Der Dresdner Kreuzchor war mit Teil 1 des Weihnachtsoratoriums in der Kreuzkirche. Hier hält man noch an einer lange bestehenden Tradition fest. Der Dresdner Kreuzchor singt das Weihnachtsoratorium von Bach in zwei Teilen: Im Advent die Kantaten 1-3 und später im Januar die Kantaten 4-6. Damit ist man aufführungspraktisch und ideell Bach sehr nahe. Der Thomaskantor schrieb seine damals gar nicht so beachtete Kantatensammlung unter Berücksichtigung der 1734 aktuellen sächsischen Feiertagslage um das Weihnachtsfest, für jeden eine. An eine Komplettaufführung dachte er nicht, wäre auch zu anstrengend gewesen für alle Beteiligten. Dass Bach dafür im Parodieverfahren allerlei vorhandene Kompositionen verwendete, sei erwähnt.

Weihnachtsoratorium, Kantaten 1-3 mit dem Dresdner Kreuzchor

Über der Aufführung unter Kreuzkantor Martin Lehmann lag sehr viel Ruhe (was nicht mit Langeweile zu verwechseln ist), innere Einkehr und das unermüdliche Bestreben, dem wie immer zahlreichen Publikum in der Kreuzkirche nahezubringen, worauf es bei diesem Oratorium eigentlich ankommt. Es ist eben nicht nur der berühmte Eingangschor, sondern die Freude und Zuversicht, die aus der Geburt Christi erwächst. In diesem Gestaltungsansatz waren sich Kreuzkantor und Kreuzchor absolut einig. Das gilt auch für die musikalisch Seite, für die Martin Lehmann ein reiches Maß an Sorgfalt und Präzision verlangte und auch erhielt. Vielleicht wirkte der Chorklang nicht ganz so frisch wie im vergangenen Jahr. Aber sei es drum – die Adventszeit ist für den Chor mehr als anstrengend und das kann auch mal seinen Tribut fordern. Die Botschaft kam jedenfalls herüber und das musikalische Niveau war insgesamt wunderbar, sehr schön ausgewogen der Gesamtklang, biegsam. Erneut war es eine Freude, Kreuzkantor und Chor bei der Erkundung der Choralpalette zu folgen – eine spannende Angelegenheit, wo Martin Lehmann nicht die kleinste Kleinigkeit dem Zufall überließ. So plausibel differenziert hört man etwa den Choral „Wie soll ich dich empfangen“ kaum, so voller unverfälschter Freude „Brich an, o schönes Morgenlicht“ ebenfalls nicht. Zu einem wahren Meisterstück geriet der sich über passacaglia-artigen Bassfiguren entwickelnde Satz „Ehre sei Gott in der Höhe“ in seiner überzeugenden Eindringlichkeit.

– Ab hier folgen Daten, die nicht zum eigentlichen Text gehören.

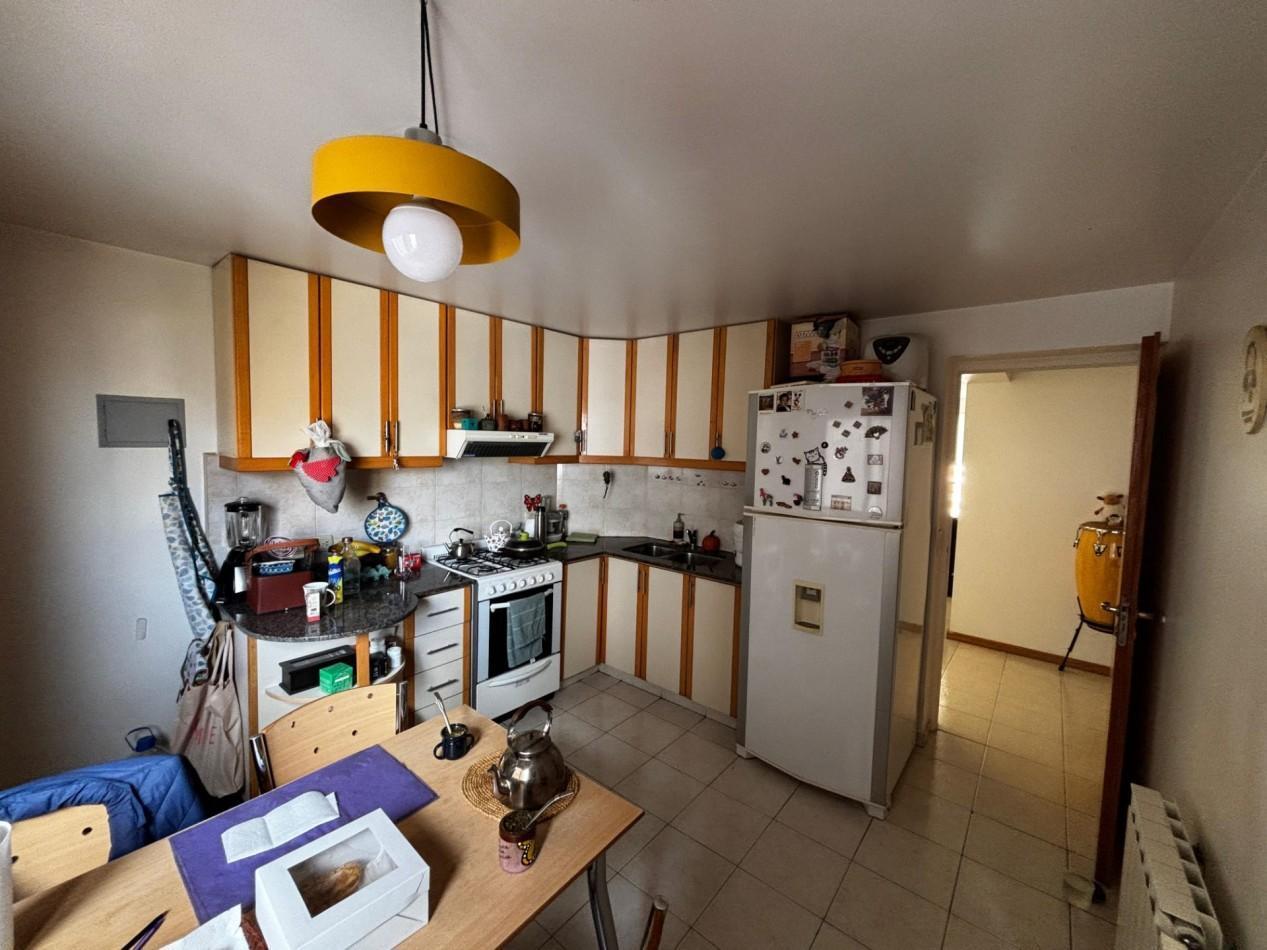 Foto de ALQUILER | DEPARTAMENTO 3 DORM + COCHERA | CALLE BROWN NEUQUEN CAPITAL, imagen 5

Dresdner Kreuzchor, Weihnachtsoratorium 2024
Dresdner Kreuzchor (c) Martin Jehnichen

Die Dresdner Philharmoniker, die treuen Partner an den Orchesterpulten, hatten einen großen Abend. Sie kamen mit den Intentionen des Kreuzkantors bestens zurecht, flexibel und ausdrucksstark, von den vortrefflichen Soloinstrumenten ergänzt. Das begann schon mit dem faszinierenden Glanz der Trompetengruppe, angeführt von Andreas Jainz und setzte sich u.a. mit der schmeichelnd schönen Solovioline von Heike Janicke in der Altarie „Schließe, mein Herze“ fort. Und was die Flötistin Marianna ZoƗnacz bot, war schlicht und ergreifend eine Wonne – so herrlich feine, blitzsaubere Flötengirlanden.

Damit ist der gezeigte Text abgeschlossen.